Riesgos interconectados
Llega en un momento en que los riesgos cibernéticos, de privacidad e IA se están volviendo inseparables en los entornos sanitarios debido a los sistemas conectados, el intercambio de datos y la automatización. Mientras tanto, las herramientas basadas en IA están transformando los perfiles de riesgo.
El incidente de DXS International ejemplifica esta convergencia, donde la violación de la seguridad de un proveedor podría “potencialmente exponer redes integradas que manejan datos de pacientes, combinando amenazas de ciberseguridad con preocupaciones sobre la privacidad”, dice Curran.
El intercambio de datos entre ecosistemas (entre proveedores, suministradores e incluso entidades transfronterizas) erosiona aún más las fronteras tradicionales, señala. "En marcos como el del NHS Red de Salud y Asistencia SocialLa información fluye dinámicamente. Esta interconexión puede provocar que un ciberincidente derive en violaciones de la privacidad, como la divulgación involuntaria de historiales médicos confidenciales.
Teniendo en cuenta este riesgo, tratar los riesgos cibernéticos, de privacidad y de inteligencia artificial de forma aislada dentro de los entornos de atención médica “fomenta puntos ciegos importantes”, afirma Curran.
En cambio, las empresas necesitan adoptar un enfoque integrado para la gobernanza de riesgos.
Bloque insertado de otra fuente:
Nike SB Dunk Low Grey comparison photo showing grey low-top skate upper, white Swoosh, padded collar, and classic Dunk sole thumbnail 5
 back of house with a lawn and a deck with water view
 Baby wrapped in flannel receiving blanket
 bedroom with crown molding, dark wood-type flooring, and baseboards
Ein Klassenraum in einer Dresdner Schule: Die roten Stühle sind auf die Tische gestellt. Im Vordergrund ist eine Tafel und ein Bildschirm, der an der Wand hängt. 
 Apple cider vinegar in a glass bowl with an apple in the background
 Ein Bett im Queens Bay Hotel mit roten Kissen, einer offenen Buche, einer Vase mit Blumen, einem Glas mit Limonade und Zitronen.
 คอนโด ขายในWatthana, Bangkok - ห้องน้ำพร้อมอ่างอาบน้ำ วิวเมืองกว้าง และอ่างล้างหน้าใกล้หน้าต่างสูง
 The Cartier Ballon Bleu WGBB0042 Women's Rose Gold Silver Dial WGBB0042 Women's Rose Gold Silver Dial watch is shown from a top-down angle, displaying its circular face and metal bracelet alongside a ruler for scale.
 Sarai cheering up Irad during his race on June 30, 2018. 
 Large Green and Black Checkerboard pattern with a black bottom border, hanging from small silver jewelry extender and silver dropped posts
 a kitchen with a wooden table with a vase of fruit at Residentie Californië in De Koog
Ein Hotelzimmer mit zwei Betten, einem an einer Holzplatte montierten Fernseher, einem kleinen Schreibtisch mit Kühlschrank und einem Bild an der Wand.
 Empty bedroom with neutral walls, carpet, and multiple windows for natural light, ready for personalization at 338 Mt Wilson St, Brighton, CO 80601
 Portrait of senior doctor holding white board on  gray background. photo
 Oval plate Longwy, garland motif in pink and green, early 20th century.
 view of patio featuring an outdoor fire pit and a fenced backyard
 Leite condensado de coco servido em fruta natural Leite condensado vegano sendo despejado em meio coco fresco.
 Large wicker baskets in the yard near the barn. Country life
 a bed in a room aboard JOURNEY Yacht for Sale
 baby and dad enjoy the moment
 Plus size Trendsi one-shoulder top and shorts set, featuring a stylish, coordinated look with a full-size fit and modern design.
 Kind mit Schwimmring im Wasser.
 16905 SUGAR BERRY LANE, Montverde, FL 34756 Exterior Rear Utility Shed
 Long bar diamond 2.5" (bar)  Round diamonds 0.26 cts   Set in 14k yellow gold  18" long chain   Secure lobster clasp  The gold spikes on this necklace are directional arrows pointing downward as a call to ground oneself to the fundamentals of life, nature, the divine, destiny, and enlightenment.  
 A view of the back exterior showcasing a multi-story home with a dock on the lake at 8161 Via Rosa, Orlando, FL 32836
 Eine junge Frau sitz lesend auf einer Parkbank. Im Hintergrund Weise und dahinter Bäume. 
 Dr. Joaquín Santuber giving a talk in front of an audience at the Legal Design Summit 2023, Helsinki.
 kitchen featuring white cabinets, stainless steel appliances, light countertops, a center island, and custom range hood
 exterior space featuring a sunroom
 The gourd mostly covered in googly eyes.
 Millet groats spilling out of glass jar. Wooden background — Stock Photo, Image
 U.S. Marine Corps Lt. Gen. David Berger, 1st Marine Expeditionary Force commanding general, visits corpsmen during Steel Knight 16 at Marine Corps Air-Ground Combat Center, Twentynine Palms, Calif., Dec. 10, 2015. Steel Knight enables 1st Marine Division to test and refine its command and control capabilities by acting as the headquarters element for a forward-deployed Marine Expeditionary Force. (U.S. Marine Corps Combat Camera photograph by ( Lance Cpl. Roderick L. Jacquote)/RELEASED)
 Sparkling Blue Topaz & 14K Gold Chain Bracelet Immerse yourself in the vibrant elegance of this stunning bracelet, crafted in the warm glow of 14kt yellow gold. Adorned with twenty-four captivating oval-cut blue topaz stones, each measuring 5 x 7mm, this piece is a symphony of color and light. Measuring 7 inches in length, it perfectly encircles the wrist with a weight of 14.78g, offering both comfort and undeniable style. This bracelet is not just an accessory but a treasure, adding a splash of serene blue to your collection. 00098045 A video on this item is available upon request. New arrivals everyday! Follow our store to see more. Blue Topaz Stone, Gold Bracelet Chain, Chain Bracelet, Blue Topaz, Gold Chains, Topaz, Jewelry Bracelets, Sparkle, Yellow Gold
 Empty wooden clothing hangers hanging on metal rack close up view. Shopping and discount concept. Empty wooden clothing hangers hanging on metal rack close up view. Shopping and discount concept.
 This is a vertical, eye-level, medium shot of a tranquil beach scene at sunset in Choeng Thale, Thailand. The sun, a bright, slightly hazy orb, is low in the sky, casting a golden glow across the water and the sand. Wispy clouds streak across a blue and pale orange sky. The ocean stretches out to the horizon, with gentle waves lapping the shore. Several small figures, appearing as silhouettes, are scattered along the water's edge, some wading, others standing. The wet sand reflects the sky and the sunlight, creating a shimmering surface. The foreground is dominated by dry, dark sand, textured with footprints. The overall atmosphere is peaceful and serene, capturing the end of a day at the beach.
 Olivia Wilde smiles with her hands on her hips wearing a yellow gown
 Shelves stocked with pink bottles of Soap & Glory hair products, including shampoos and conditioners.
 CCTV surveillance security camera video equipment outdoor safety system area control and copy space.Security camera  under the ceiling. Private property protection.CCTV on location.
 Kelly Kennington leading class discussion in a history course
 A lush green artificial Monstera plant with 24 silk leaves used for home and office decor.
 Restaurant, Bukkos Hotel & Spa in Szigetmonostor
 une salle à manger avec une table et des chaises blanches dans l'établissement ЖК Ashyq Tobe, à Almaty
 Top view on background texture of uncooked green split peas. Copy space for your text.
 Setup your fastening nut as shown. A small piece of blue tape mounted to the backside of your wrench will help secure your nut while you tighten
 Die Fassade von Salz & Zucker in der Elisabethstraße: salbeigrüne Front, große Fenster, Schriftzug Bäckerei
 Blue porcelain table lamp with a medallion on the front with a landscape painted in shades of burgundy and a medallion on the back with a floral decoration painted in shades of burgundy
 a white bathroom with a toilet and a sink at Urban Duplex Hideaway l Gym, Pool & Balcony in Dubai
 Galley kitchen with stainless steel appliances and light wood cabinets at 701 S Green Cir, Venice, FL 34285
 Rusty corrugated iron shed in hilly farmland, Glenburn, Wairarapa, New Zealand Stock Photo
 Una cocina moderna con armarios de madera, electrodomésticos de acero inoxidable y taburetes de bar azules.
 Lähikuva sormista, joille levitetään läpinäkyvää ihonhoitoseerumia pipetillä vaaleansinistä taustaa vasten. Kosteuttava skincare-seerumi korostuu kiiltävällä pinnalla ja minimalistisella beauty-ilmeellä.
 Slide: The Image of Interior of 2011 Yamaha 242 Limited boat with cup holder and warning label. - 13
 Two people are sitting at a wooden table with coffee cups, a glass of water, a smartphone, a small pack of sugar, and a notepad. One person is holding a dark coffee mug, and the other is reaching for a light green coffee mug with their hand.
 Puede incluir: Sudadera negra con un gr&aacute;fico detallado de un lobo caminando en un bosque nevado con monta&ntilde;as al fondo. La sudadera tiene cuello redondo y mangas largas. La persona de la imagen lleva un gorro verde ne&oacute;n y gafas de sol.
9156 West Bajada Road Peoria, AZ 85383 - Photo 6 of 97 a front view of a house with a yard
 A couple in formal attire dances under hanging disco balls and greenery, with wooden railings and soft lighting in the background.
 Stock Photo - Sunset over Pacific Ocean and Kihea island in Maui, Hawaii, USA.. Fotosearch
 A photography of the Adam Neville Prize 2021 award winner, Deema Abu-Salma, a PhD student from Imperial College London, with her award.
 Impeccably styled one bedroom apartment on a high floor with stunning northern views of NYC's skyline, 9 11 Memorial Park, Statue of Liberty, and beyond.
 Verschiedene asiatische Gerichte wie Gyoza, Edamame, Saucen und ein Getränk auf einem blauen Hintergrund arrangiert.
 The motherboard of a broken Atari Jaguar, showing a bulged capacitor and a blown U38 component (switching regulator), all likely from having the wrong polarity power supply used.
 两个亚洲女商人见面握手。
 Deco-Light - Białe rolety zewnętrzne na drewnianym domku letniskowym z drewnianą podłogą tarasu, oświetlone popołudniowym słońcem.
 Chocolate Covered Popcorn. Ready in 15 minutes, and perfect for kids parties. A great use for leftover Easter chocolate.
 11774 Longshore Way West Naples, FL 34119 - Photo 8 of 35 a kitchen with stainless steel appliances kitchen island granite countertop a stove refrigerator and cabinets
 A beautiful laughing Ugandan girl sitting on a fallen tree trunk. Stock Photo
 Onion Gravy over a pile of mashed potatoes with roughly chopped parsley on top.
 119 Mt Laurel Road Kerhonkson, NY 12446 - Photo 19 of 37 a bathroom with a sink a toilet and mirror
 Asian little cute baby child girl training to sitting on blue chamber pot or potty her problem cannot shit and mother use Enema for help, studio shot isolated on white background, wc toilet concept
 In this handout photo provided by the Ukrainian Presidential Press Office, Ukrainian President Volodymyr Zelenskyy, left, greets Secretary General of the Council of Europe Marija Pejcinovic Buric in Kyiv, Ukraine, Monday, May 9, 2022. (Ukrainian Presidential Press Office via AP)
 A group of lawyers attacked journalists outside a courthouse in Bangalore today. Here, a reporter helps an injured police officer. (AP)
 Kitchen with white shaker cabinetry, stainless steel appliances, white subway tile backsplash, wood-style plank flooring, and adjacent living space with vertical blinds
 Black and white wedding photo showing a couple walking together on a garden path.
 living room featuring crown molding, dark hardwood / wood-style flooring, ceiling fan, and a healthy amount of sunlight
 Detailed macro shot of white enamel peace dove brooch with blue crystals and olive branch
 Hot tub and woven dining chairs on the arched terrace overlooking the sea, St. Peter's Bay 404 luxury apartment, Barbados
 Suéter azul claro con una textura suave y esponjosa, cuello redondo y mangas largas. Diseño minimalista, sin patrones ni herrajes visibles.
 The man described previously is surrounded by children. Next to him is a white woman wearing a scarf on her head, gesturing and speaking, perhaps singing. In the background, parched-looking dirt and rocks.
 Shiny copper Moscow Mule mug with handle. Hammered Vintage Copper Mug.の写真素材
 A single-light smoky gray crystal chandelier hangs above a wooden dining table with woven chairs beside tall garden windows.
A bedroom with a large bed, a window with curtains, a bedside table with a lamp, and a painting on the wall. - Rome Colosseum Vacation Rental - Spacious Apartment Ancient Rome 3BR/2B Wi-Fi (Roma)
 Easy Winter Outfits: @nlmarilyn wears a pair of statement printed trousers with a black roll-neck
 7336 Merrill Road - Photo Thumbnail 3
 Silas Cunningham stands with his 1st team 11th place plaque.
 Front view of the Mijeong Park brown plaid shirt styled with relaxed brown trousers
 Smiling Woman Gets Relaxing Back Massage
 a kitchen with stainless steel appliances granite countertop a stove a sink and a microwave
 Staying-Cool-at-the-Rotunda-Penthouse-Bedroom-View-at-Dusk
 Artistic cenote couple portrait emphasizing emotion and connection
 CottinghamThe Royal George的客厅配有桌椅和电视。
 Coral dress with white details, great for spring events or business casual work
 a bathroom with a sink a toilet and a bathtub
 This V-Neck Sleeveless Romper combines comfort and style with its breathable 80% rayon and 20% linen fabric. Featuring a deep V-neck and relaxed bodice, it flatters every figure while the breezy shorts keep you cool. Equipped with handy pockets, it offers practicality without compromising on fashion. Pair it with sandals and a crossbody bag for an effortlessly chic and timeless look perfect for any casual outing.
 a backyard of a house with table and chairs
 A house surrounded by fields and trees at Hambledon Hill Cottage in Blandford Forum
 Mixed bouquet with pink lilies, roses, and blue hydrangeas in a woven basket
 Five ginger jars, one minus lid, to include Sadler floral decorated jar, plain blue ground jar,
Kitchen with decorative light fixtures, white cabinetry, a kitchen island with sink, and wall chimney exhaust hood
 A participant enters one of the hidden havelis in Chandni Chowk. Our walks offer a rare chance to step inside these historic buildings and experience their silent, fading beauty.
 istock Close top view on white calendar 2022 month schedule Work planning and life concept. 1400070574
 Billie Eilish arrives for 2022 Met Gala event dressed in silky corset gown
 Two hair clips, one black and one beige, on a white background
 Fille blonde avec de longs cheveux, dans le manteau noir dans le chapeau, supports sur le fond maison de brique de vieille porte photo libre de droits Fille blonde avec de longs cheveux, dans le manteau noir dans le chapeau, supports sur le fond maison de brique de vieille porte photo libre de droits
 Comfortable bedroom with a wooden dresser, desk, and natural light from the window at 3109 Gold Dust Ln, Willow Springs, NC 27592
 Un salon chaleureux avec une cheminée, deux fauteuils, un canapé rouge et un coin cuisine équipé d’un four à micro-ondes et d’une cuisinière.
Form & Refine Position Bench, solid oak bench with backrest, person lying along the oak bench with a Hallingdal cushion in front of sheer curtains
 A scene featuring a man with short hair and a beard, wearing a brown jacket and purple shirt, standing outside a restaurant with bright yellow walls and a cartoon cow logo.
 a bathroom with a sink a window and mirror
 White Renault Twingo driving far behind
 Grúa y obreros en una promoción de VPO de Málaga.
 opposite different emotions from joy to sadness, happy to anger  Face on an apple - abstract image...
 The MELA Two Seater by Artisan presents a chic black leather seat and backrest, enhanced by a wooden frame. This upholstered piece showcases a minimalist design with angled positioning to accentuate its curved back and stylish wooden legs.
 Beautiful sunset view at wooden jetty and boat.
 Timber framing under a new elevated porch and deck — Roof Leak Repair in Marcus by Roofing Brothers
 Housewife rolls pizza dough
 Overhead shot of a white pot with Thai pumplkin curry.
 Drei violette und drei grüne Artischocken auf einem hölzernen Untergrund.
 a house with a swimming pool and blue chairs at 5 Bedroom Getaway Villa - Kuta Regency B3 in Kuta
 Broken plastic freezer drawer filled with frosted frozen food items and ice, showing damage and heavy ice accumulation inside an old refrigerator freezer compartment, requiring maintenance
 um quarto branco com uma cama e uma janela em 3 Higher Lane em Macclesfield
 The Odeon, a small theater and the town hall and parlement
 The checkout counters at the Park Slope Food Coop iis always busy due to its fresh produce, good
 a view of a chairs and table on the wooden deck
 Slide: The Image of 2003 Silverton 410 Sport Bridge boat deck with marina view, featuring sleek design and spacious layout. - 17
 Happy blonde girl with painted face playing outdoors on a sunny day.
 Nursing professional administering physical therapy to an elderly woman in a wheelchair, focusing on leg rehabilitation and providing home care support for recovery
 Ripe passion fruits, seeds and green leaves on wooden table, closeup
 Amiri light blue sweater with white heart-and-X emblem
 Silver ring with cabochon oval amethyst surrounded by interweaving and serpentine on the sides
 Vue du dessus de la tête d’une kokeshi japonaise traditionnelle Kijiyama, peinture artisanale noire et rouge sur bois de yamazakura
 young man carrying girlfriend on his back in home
Esto requiere el uso de marcos integrados que integren la seguridad de la información, la protección de datos y la gobernanza de la IA para impulsar la resiliencia, la confianza y el cumplimiento normativo a largo plazo.
Por ejemplo, las organizaciones deben considerar a los agentes de IA y a los humanos como una fuerza laboral combinada que interactúa con el software y la infraestructura, afirma Javvad Malik, asesor principal de CISO en KnowBe4. «Para ello, necesitamos una rendición de cuentas clara, garantías para los proveedores y una supervisión que integre los datos, los humanos y la IA para fomentar la confianza y la resiliencia».
Marcos como el del Centro Nacional de Seguridad Cibernética Marco de evaluación cibernética, ISO 27001, y NIST Marco de ciberseguridad Proporcionan herramientas prácticas para integrar controles, políticas y métricas de riesgo, afirma Sommer, del Grupo NCC. «Esto ayuda a las organizaciones a generar confianza, demostrar cumplimiento normativo y gestionar el ciberriesgo de forma coherente y justificable».
Curran, de la Universidad del Ulster, recomienda establecer “equipos multifuncionales” compuestos por expertos en ciberseguridad, privacidad e inteligencia artificial para colaborar en las evaluaciones de riesgos, garantizando que las amenazas se evalúen a través de “una lente multifacética”.
Resilientes, confiables y preparados para el futuro
Las organizaciones de atención médica y los proveedores de los que dependen deben trabajar para desarrollar prácticas de gestión de riesgos más resilientes, confiables y preparadas para el futuro.
Para obtener resultados, las organizaciones necesitan adoptar un enfoque unificado de gestión de riesgos, afirma Ivan Milenkovic, vicepresidente de tecnología de riesgos para EMEA en Qualys. «En lugar de reinventar la rueda, los mejores equipos integran en un solo motor los estándares internacionales establecidos de seguridad, privacidad y la vanguardia emergente de la gestión de la IA».
Para ello es fundamental incorporar la gestión de riesgos en la cultura organizacional a través de políticas unificadas que exijan “auditorías regulares e integradas”, aconseja Curran, de la Universidad del Ulster.
Mientras tanto, implemente un modelo de responsabilidad compartida con sus proveedores, recomienda Sorrels de Claroty. "No trate los contratos con proveedores como algo que se establece y se olvida. Exija transparencia continua, pruebas de seguridad y que demuestren que cumplen con los estándares básicos".